» Activity: Begin at the line where "黑龙江省明水县市场监管局加强儿童公园游乐设施安全监管" appears and reproduce exactly every line through the end of the data below, both included, skipping pictures.

Short text fragments from websites
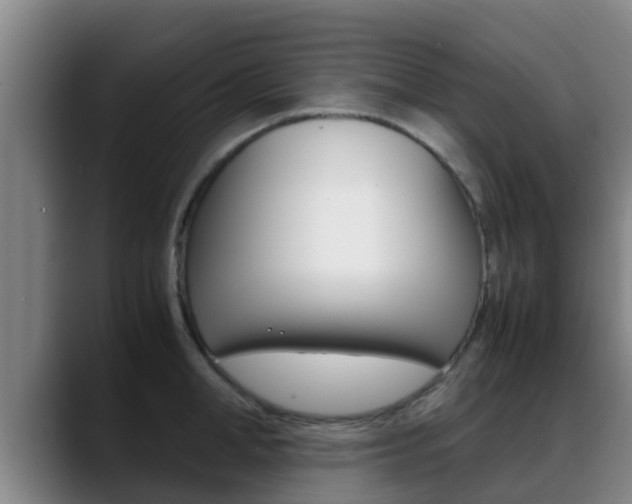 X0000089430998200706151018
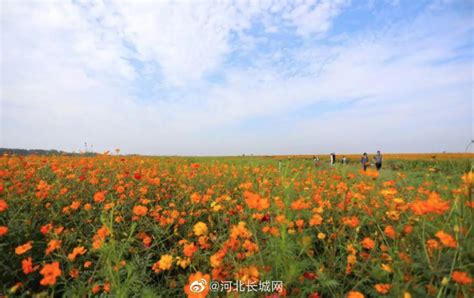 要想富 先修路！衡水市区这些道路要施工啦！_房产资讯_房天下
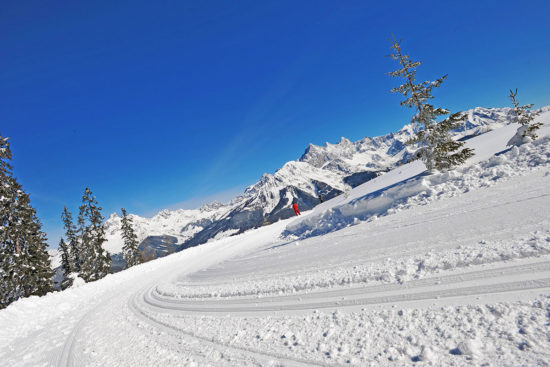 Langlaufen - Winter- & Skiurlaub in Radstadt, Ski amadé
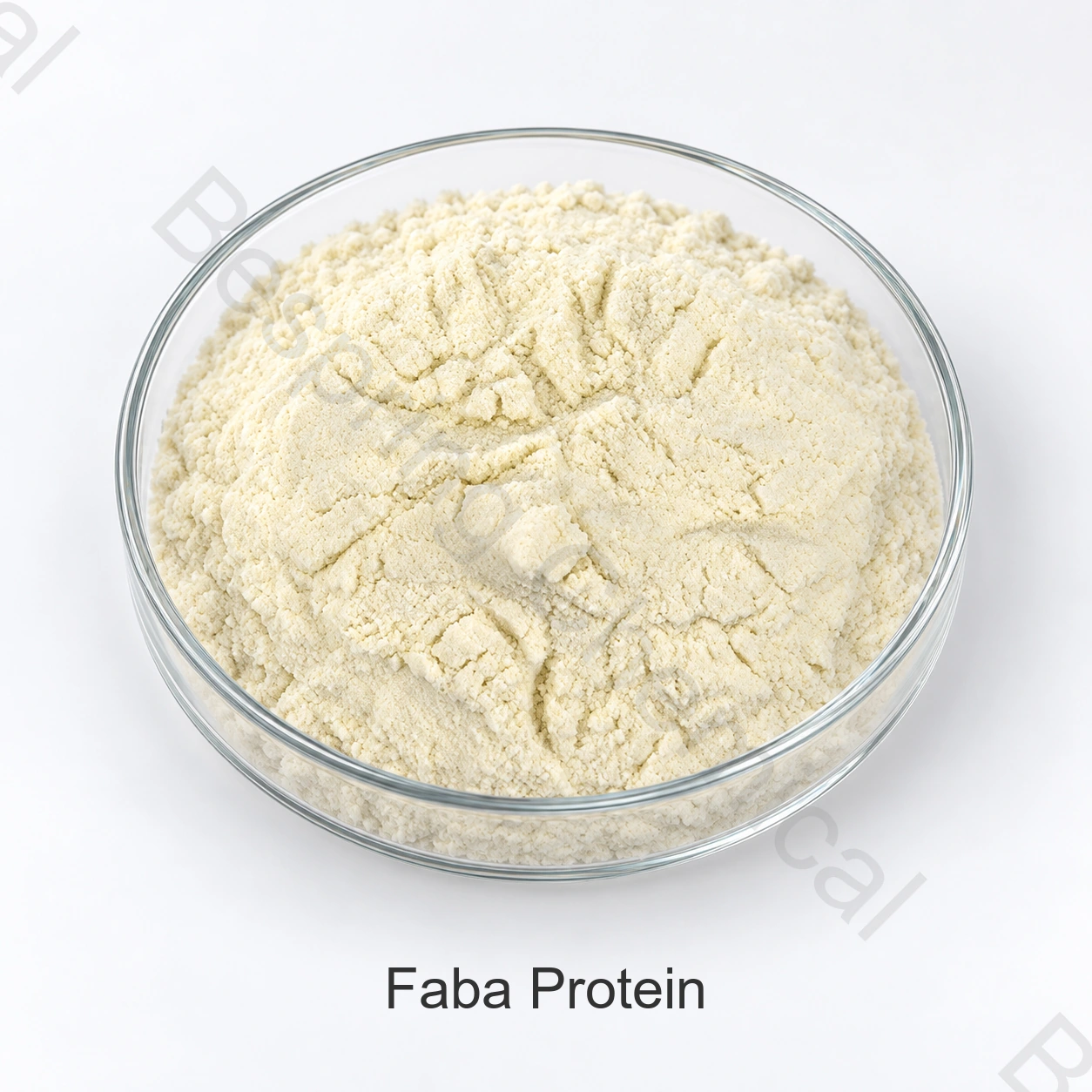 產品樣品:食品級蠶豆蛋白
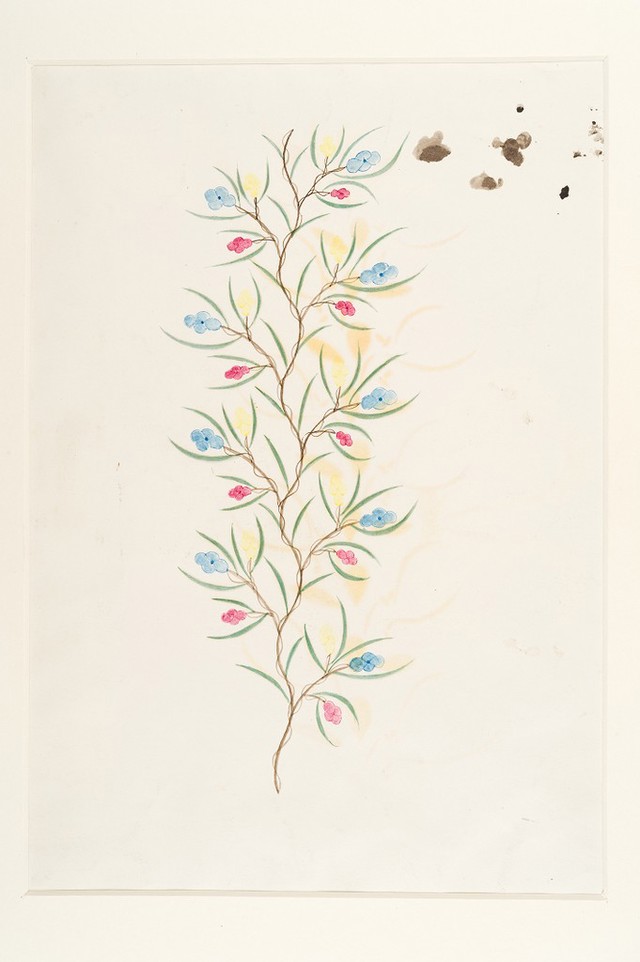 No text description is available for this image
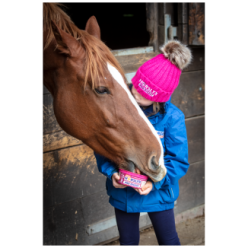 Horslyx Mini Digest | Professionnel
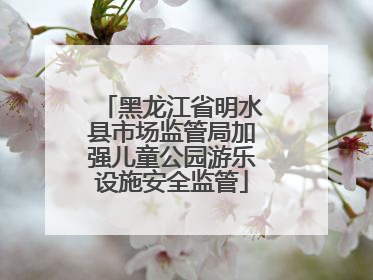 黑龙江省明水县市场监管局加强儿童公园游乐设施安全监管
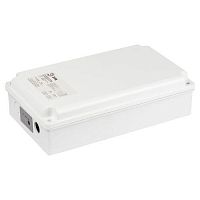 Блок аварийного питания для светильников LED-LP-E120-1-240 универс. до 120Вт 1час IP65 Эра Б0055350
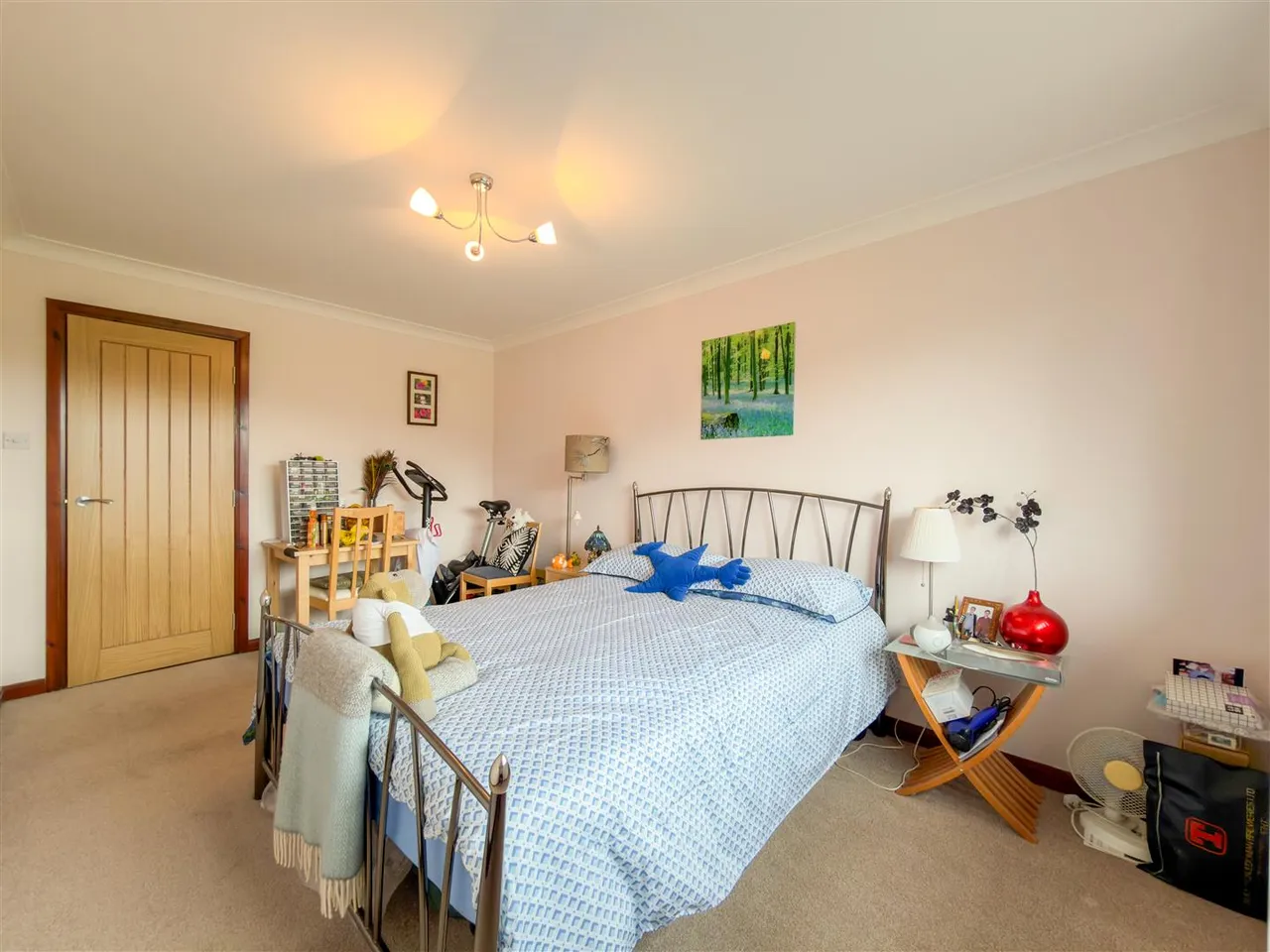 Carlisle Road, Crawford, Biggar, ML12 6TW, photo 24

» Response to the task:
 黑龙江省明水县市场监管局加强儿童公园游乐设施安全监管
 Блок аварийного питания для светильников LED-LP-E120-1-240 универс. до 120Вт 1час IP65 Эра Б0055350
 Carlisle Road, Crawford, Biggar, ML12 6TW, photo 24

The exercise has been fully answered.